→ **RECORDS FOR THIS TASK**
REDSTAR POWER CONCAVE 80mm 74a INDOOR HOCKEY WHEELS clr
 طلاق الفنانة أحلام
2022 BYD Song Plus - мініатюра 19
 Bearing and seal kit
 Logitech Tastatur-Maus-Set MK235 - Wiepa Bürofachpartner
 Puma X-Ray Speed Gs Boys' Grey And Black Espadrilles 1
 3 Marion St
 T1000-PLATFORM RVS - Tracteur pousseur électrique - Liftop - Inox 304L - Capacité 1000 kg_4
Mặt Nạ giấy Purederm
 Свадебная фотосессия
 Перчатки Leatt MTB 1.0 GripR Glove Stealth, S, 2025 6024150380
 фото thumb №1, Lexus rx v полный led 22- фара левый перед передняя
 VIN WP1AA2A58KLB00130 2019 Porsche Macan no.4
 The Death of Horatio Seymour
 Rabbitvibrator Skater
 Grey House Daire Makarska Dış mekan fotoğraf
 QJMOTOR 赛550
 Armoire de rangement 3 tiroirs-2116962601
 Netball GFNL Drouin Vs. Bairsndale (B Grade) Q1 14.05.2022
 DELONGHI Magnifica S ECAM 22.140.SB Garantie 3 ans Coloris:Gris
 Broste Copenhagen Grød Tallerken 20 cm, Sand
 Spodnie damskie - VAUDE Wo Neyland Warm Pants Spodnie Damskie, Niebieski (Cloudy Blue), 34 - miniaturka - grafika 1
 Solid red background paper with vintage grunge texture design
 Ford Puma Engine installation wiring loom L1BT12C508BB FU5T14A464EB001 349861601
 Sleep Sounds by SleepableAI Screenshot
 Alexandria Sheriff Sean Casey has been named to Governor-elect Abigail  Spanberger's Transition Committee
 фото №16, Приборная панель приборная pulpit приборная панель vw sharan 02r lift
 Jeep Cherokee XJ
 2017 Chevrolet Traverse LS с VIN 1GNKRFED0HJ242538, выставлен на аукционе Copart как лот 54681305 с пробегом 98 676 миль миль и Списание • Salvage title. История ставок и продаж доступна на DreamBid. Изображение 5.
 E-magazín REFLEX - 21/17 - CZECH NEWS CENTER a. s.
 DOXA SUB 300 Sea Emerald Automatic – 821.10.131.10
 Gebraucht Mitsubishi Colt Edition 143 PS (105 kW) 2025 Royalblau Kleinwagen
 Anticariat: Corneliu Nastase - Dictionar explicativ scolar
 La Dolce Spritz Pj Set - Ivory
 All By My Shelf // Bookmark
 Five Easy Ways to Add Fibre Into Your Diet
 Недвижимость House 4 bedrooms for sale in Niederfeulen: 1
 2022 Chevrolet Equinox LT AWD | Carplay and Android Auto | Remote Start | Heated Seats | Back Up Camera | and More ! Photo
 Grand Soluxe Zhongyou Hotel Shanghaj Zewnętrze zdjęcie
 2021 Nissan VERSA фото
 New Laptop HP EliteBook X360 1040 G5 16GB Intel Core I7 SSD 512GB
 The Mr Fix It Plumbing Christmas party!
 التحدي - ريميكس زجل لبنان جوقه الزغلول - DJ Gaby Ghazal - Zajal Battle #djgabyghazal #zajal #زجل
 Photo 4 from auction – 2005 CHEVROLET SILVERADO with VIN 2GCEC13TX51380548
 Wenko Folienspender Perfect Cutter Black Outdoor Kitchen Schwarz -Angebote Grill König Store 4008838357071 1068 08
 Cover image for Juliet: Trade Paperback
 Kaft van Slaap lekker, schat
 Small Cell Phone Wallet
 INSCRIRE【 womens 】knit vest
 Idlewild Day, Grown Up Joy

→ **GOAL OF THE EXERCISE**
Could you set down exactly the lines above, from the one containing "Kaft van Slaap lekker, schat" through the last, including both and nothing else?

→ **SOLVED PROBLEM**
 Kaft van Slaap lekker, schat
 Small Cell Phone Wallet
 INSCRIRE【 womens 】knit vest
 Idlewild Day, Grown Up Joy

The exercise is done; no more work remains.